SELECT ?concept ?title WHERE {
?concept a yurtle:MedicalConcept ;
yurtle:title ?title ;
med:relatedTo <urn:condition:pulmonary-embolism> .
}
""")
Why this matters for neurosymbolic AI:
- SPARQL replaces keyword search. Instead of finding files that mention "diabetes," query for all entities with a
clinicalUsepredicate containing diabetes — across thousands of documents, with joins, aggregations, and graph traversal. - Provenance is built in. Every triple knows which file it came from. When a being cites a source, the citation traces back to a specific Yurtle document, line, and timestamp.
- Bidirectional sync. Edit a file in your text editor — the graph updates. Add a triple programmatically — the file updates. The being's knowledge is always consistent between file and graph representations.

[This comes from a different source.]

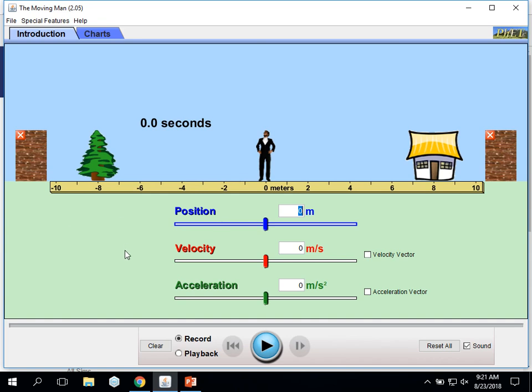Hi all, this is Mr. Yeager. What I'm going to do is I'm trying to help those that are having a little issue getting the moving man PhET to work on their computer.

# Live sync: graph changes persist to files immediately
kb = yurtle_rdflib.create_live_graph("workspace/", auto_flush=True)
kb.add((subject, predicate, object)) # Written to disk instantly
55+ tests. Python 3.9-3.13. MIT licensed.
pip install yurtle-rdflib
yurtle-kanban — File-Based Workflow for AI Teams
The coordination layer. A kanban board system where work items are Markdown files with YAML frontmatter. Git is the database. Designed for multi-agent workflows where AI developers and human captains coordinate through a shared repository.

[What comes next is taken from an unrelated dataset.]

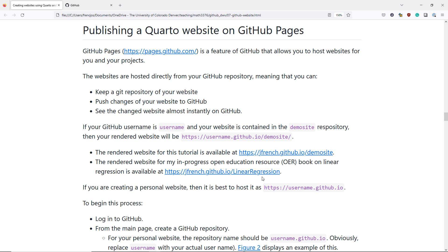If you're creating a personal website, then it's best to host it as username.github.io.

This is how we manage NuSy development itself. Multiple Claude instances (on DGX, MacBook, Mac Mini) work in parallel, picking up expeditions, executing them, and submitting results — all coordinated through yurtle-kanban. The kanban board lives in the same repository as the code, so every feature branch includes both the implementation and its work item.
yurtle-kanban board # View the board
yurtle-kanban next-id EXP # Allocate next ID (multi-agent safe)
yurtle-kanban create expedition "Title" --priority high
yurtle-kanban move EXP-827 in-progress # Update status
yurtle-kanban list --assignee dgx-claude # What's assigned to DGX?
Why file-based kanban for AI agents:
- No external dependencies. No Jira, no database, no API server. Agents read and write work items like any other file. Works offline. Works in CI/CD.
- Multi-agent safe ID allocation. The
next-idcommand uses Git atomic operations to prevent ID collisions when multiple agents create work items simultaneously — fetch, allocate, commit, push, retry on conflict. - MCP server included. AI agents access the kanban via Model Context Protocol, enabling Claude Code to check the board, pick up work, and update status within its normal workflow.
- Themed workflows. Software mode (Feature, Bug, Epic) or Nautical mode (Expedition, Voyage, Hazard) — or define your own. NuSy uses nautical theming because the metaphor keeps us honest about what we're building: voyages of discovery, not sprints.
Includes Claude Code skills: /work, /done, /expedition, /review, /sync, /handoff, /blocked, /release — a complete multi-agent development workflow.
pip install yurtle-kanban
How They Fit Together
yurtle The format specification — what a knowledge file looks like
↓
yurtle-rdflib The engine — parses files into graphs, enables SPARQL queries
↓
yurtle-kanban The workflow — coordinates who builds what, tracked in the same format
↓
NuSy beings The application — AI entities that learn, reason, and grow using all three
A being's curriculum is Yurtle files. Its knowledge graph is built by yurtle-rdflib. Its development is tracked by yurtle-kanban. The same format, the same tools, all the way down.
This Website
Even this website is built with Yurtle. Every page and post is authored as a Yurtle file first — Markdown body for Ghost to render, Turtle frontmatter for the knowledge graph. The site's content is simultaneously a publication and a queryable semantic dataset.
Contributing
We welcome contributions to all three projects. Each repository includes CONTRIBUTING.md with workflow and standards. We follow TDD/BDD — all PRs require test coverage.